- Home
- Richard D Pepperman
The Eye is Quicker Page 7
The Eye is Quicker Read online
Page 7
The classic use of parallel editing is often recognized in the opening to early moments of a film; with cuts between — sometimes among — diverse characters and/or places.
The French Connection opens in Marseilles, France. An undercover detective is on assignment: The scene in Marseilles leads to additional scenes, before the story takes us to Brooklyn, New York. There, two undercover detectives are on assignment: depicted in scenes. Parallel editing, in this format, assures a ‘meeting’ of the characters — eventually they do ‘get together’ in New York. For parallel editing to be (most) inconspicuous — for the technique, and process to avoid mere facade — it should do something more than ‘perform’ cuts between people and places.

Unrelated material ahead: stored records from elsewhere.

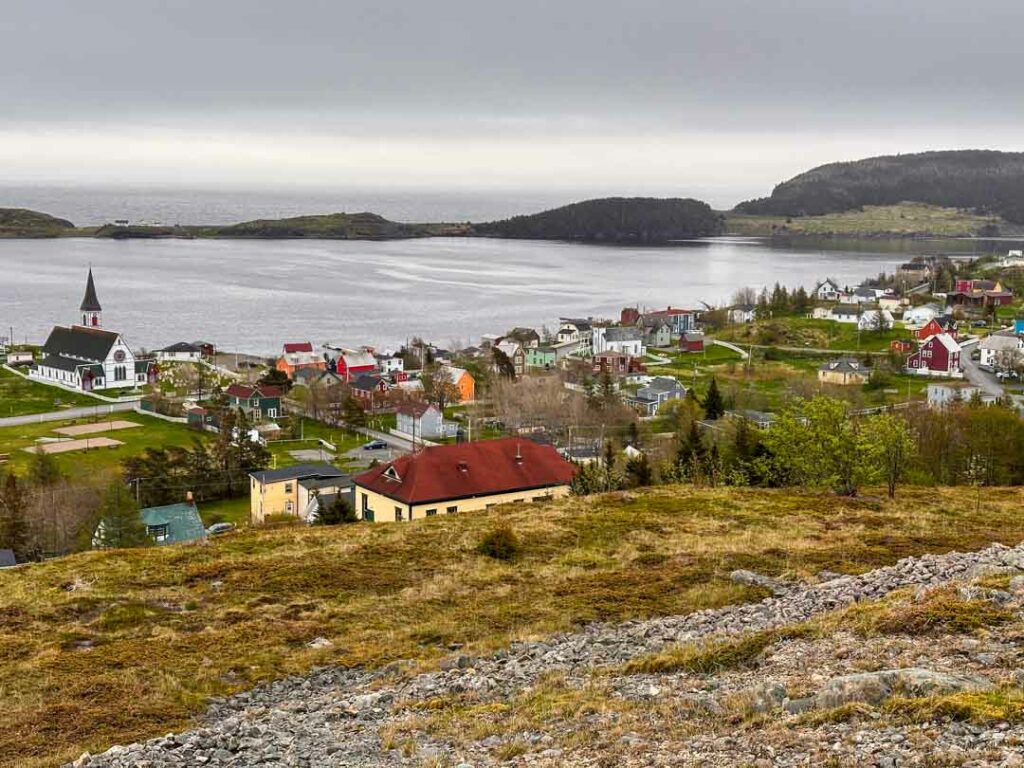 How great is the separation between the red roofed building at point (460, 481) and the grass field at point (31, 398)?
35.2m

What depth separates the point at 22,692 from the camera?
9859 millimetres

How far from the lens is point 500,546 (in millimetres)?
16078

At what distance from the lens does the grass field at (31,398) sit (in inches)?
2077

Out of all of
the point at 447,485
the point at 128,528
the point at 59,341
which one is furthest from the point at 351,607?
the point at 59,341

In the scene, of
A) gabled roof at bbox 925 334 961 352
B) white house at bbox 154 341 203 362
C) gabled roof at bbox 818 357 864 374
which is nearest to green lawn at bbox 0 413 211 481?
white house at bbox 154 341 203 362

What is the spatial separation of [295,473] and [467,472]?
11625 millimetres

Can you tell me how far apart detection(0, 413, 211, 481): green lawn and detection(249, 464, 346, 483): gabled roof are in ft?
20.1

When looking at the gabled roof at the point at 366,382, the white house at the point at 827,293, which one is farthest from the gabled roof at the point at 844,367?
the white house at the point at 827,293

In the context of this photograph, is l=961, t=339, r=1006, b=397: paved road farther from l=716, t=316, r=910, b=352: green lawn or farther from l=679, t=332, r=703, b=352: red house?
l=679, t=332, r=703, b=352: red house

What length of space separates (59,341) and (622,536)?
56.0 meters

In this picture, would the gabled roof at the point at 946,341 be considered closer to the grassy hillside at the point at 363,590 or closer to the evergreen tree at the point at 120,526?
the grassy hillside at the point at 363,590

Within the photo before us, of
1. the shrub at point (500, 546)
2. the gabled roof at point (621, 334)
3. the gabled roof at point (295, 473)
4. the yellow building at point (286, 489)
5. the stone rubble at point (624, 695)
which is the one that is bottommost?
the yellow building at point (286, 489)

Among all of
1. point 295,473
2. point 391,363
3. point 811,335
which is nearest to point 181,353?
point 391,363

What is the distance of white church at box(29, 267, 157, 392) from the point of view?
60.3m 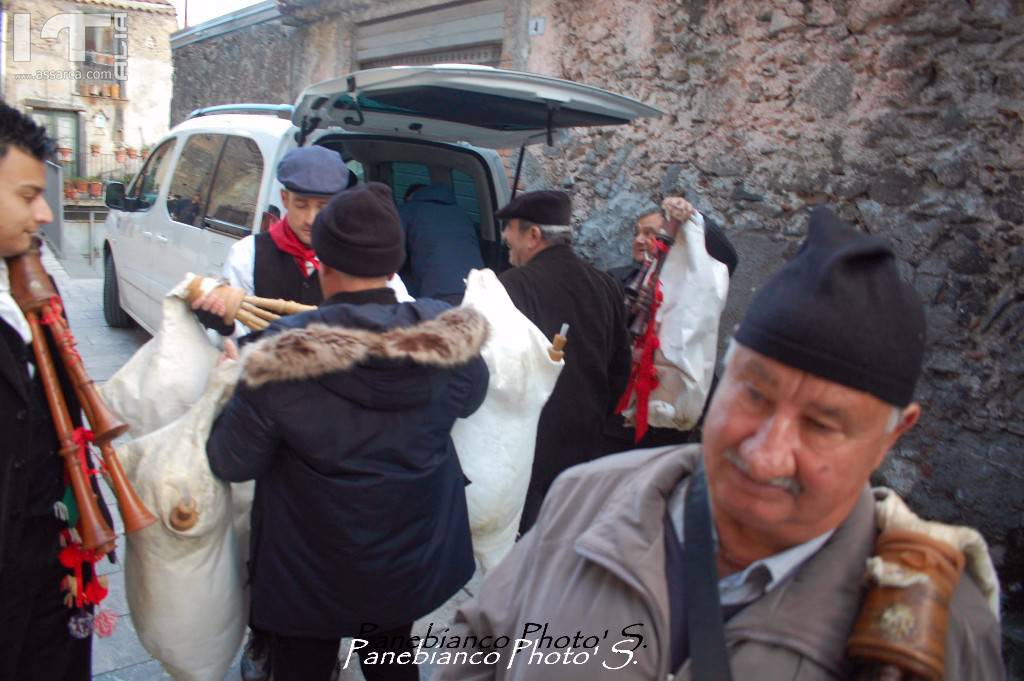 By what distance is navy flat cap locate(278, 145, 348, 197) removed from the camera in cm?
300

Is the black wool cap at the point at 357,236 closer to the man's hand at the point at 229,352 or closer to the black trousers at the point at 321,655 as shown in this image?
the man's hand at the point at 229,352

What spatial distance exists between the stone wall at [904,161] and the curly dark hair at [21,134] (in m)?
3.92

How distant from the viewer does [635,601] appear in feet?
4.22

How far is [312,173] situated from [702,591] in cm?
231

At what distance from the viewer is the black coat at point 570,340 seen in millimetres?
3322

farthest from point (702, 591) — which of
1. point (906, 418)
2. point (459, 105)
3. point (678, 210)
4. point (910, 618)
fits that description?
point (459, 105)

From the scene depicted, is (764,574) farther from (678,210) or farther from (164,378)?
(678,210)

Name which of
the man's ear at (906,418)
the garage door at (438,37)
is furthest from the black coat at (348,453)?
the garage door at (438,37)

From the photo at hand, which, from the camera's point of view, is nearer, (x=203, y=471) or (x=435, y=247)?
(x=203, y=471)

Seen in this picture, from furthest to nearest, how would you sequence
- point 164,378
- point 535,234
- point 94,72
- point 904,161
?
1. point 94,72
2. point 904,161
3. point 535,234
4. point 164,378

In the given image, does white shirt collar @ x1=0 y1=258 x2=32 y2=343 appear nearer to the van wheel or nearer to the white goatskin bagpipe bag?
the white goatskin bagpipe bag

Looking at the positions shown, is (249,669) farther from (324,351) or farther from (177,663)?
(324,351)

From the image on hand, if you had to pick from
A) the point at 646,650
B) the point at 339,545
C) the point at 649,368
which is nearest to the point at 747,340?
the point at 646,650

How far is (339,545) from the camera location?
2.10 m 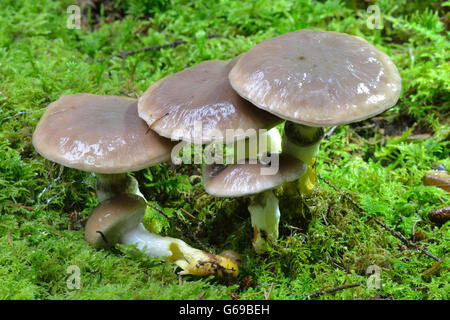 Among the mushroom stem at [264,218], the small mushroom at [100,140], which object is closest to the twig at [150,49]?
the small mushroom at [100,140]

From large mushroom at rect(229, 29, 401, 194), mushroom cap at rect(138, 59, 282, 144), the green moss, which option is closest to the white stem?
large mushroom at rect(229, 29, 401, 194)

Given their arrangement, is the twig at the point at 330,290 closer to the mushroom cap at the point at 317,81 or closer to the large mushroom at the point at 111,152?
the large mushroom at the point at 111,152

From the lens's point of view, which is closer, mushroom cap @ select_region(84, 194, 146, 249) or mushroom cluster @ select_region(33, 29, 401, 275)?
mushroom cluster @ select_region(33, 29, 401, 275)

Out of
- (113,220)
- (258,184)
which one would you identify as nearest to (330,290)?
(258,184)

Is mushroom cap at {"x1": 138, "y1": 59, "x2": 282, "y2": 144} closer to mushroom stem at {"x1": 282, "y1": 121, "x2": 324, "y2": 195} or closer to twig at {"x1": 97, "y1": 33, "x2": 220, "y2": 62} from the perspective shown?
mushroom stem at {"x1": 282, "y1": 121, "x2": 324, "y2": 195}

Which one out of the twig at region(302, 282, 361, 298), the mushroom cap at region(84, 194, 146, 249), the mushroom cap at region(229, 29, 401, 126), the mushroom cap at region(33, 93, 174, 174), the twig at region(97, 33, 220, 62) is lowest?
the twig at region(302, 282, 361, 298)

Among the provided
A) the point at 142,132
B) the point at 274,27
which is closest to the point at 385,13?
the point at 274,27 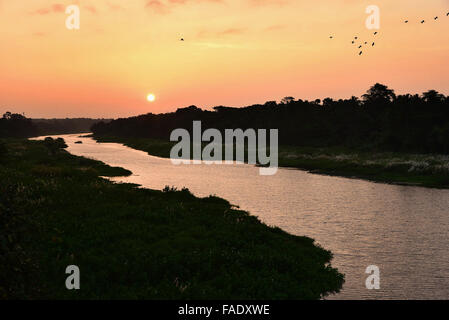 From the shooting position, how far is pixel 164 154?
120938 mm

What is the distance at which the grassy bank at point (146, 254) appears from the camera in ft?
45.3

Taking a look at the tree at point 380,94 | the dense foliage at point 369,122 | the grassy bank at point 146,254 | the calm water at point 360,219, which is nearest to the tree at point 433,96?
the dense foliage at point 369,122

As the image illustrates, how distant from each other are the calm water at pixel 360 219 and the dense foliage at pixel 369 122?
5432cm

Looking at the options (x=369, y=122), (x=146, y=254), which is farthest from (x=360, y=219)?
(x=369, y=122)

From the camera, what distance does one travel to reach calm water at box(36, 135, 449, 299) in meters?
20.8

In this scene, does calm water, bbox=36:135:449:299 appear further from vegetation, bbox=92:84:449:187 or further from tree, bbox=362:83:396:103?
tree, bbox=362:83:396:103

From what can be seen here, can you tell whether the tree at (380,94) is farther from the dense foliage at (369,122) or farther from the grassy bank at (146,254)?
the grassy bank at (146,254)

There should be a visual connection — though not necessarily French — between the characters and/or places. [Figure 8.1] In The French Connection we ‘see’ undercover detectives on assignment in Marseilles, and in Brooklyn.
Figure 8.1
VISUALLY Sharing
The opening of Atlantic City provides another classic example. We meet Sally in Atlantic City; and Lou is spying on her. Cut, and we meet Dave; he is spying a drug drop-off in a telephone booth in Philadelphia. [Figure 8.2] Both are intact scenes: There is no intermingling of shots as in cross-cutting.
Figure 8.2
They’ll meet In Atlantic City, You can bet on It!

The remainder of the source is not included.